Cette dégradation s'explique en premier lieu par la réduction du taux d'occupation sous le double effet du nombre élevé de décès lié à l'épidémie de covid-19 et par la dégradation de l'image des Ehpad depuis la publication d'une enquête journalistique2(*) ayant reçu un important écho médiatique en 2022. En second lieu, le haut niveau de l'inflation des prix alimentaires et énergétiques en 2022 et 2023 ont augmenté les charges des Ehpad sans que cette augmentation n'ait été entièrement répercutée sur leurs tarifs.

Un taux de

Un niveau de

Une perte de

 
 
 

de mauvaise opinion des sondés sur les Ehpad privés

d'inflation sur les produits énergétiques depuis 2015

de marge d'excédent brut d'exploitation (EBE) entre 2019 et 2023 pour les Ehpad commerciaux

Dans ce contexte, et alors que les Ehpad commerciaux doivent activement participer à l'effort d'investissement à moyen terme pour financer la création de nouvelles infrastructures d'accueil des personnes âgées dépendantes, un alourdissement de la fiscalité des Ehpad commerciaux se traduirait par un risque de désinvestissement qui pourrait fragiliser le maillage territorial de l'offre de prise en charge de la dépendance des personnes âgées.

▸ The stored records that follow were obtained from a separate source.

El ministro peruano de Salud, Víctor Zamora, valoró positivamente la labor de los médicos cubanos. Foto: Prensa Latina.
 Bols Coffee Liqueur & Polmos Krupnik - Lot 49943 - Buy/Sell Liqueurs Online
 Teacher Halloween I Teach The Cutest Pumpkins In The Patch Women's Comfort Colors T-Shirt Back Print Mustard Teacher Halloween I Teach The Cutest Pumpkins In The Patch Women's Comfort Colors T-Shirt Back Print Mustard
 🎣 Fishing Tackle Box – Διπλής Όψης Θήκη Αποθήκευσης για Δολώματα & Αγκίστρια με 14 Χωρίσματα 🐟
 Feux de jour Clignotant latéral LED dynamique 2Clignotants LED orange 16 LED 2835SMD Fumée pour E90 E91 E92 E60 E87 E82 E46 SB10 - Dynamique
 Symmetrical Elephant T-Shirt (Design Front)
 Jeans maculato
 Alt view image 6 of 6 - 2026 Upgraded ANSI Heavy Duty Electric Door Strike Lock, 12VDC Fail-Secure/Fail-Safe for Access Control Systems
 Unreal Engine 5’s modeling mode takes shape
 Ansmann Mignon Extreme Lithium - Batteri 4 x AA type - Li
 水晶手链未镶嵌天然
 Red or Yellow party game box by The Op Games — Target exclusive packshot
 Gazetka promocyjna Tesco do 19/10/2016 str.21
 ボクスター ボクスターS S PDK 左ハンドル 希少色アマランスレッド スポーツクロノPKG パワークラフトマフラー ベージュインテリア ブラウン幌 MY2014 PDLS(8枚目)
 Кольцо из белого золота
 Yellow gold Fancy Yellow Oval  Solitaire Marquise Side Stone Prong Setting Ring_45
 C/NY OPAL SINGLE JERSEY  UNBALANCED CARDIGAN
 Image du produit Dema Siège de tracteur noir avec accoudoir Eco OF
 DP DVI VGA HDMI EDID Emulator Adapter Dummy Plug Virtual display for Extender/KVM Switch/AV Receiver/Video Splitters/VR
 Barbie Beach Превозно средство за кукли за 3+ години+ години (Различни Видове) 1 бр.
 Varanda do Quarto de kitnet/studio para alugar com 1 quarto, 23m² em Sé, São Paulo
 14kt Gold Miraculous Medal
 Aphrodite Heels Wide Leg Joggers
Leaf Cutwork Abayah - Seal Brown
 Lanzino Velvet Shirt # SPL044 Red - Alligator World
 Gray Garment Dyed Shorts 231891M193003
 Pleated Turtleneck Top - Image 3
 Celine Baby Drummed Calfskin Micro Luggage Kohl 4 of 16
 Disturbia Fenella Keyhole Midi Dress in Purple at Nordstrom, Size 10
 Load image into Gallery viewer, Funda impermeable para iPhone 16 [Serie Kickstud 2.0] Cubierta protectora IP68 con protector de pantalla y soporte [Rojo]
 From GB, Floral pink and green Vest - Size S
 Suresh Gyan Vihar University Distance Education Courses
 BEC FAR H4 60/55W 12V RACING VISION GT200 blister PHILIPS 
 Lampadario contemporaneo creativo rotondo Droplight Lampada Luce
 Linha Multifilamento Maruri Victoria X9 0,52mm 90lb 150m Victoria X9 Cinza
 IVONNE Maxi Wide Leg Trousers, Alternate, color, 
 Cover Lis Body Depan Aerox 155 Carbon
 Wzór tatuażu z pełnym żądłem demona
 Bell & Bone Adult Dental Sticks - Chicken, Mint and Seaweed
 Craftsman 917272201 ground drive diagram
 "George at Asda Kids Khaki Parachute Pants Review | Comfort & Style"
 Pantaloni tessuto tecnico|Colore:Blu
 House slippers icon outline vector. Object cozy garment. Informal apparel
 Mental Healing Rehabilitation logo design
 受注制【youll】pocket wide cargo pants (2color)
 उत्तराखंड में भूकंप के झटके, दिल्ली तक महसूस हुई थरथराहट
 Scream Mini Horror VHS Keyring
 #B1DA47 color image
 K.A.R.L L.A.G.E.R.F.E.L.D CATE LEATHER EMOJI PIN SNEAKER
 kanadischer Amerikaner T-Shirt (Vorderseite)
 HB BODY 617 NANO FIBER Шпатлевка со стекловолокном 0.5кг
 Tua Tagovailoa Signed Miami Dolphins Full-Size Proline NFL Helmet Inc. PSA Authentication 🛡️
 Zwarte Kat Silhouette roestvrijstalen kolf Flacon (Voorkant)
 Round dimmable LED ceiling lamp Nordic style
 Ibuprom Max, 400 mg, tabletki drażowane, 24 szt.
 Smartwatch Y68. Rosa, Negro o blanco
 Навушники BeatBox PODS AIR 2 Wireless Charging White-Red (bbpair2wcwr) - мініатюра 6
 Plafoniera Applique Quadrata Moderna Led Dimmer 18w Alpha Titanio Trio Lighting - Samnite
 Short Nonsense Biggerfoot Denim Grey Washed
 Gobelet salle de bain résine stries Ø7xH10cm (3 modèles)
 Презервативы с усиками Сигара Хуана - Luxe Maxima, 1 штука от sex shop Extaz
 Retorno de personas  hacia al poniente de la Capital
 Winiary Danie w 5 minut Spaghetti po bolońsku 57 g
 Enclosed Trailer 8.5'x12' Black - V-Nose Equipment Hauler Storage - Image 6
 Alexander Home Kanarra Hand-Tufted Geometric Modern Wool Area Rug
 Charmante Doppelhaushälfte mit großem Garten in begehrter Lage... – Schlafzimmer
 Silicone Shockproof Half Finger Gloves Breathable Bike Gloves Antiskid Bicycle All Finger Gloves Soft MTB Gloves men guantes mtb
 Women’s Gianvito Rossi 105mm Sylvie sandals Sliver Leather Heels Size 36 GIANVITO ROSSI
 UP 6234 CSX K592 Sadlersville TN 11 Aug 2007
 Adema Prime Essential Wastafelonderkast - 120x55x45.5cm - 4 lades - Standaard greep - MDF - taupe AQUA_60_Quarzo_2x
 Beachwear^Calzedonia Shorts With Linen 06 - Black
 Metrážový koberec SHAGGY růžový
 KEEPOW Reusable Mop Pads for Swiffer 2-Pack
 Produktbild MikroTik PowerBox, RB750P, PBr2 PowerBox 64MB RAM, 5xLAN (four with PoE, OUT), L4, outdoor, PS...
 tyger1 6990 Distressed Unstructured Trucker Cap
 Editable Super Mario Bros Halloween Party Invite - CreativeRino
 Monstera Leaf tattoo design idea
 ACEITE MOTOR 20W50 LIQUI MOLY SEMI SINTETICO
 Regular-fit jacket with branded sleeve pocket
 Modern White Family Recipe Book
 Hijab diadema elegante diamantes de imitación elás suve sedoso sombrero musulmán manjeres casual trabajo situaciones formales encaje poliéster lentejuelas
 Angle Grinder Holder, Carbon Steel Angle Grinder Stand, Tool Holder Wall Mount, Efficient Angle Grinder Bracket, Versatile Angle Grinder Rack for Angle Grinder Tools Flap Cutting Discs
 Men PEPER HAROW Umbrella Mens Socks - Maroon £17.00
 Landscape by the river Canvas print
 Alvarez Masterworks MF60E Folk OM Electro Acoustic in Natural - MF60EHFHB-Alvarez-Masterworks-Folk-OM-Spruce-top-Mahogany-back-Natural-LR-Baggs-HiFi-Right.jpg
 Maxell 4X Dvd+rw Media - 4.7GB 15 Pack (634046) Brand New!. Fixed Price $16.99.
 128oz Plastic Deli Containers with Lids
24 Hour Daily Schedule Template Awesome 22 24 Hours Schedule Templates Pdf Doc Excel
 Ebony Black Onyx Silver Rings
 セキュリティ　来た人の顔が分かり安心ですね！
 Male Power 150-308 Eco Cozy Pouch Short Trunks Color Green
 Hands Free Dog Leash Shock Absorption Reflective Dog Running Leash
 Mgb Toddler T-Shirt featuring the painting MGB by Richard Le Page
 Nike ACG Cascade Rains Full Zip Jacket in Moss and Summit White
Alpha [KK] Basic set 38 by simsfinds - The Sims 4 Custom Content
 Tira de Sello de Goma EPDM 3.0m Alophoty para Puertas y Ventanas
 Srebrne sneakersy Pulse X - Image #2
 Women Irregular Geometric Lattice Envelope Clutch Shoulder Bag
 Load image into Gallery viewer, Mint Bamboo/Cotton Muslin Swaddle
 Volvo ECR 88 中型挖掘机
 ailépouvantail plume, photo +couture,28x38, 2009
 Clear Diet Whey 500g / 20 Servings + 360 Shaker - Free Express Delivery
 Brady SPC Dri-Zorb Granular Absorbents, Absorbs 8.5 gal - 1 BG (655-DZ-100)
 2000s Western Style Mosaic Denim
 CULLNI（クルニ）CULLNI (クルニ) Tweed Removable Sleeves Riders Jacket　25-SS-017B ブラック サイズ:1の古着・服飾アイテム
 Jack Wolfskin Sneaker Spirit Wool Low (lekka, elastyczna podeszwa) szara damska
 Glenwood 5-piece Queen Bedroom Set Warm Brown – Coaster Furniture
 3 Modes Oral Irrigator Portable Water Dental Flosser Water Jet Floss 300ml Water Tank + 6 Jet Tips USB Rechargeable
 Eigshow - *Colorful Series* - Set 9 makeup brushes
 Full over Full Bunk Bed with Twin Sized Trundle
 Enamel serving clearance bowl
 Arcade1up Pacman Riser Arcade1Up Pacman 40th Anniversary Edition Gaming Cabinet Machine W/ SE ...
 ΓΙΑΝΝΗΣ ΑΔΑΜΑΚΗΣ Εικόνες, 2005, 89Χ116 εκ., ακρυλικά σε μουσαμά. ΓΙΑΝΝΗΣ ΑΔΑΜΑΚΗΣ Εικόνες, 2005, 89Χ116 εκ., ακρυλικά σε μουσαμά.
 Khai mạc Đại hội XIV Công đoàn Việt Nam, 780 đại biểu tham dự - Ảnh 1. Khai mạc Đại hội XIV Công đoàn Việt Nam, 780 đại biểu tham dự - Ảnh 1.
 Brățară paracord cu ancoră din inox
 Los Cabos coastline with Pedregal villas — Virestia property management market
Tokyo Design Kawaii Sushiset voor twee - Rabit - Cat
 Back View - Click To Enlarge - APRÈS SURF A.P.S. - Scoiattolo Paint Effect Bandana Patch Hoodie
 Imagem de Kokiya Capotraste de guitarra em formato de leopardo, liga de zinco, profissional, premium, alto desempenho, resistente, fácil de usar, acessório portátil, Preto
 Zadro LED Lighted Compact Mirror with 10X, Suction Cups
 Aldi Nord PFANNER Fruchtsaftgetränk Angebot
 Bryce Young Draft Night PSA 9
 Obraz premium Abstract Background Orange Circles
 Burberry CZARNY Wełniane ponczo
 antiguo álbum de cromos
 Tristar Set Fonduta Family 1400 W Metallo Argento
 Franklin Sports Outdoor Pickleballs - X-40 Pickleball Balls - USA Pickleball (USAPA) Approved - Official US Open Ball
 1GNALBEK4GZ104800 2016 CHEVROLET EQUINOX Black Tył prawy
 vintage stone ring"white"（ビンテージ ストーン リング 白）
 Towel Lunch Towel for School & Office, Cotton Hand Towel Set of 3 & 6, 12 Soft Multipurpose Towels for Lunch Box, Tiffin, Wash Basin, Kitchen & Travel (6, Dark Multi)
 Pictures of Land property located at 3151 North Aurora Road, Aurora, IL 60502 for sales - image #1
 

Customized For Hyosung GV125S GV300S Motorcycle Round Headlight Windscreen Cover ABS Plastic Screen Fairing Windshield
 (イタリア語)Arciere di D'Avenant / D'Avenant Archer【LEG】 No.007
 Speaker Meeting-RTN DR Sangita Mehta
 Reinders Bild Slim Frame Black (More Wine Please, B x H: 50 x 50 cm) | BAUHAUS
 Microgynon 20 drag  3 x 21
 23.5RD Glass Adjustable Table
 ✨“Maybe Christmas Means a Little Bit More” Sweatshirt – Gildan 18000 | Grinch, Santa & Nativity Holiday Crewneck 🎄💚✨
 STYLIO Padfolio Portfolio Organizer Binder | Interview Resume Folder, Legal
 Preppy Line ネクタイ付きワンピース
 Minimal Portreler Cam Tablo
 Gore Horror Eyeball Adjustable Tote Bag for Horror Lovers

Compte tenu de ces éléments, la proposition de loi n'a pas été adoptée par la commission.

En conséquence, en application du premier alinéa de l'article 42 de la Constitution, la discussion portera en séance publique sur le texte de la proposition de loi déposée sur le Bureau du Sénat.


* 1 Personnes nées entre 1946 et 1974.

* 2 Victor Castanet, 2022, Les fossoyeurs.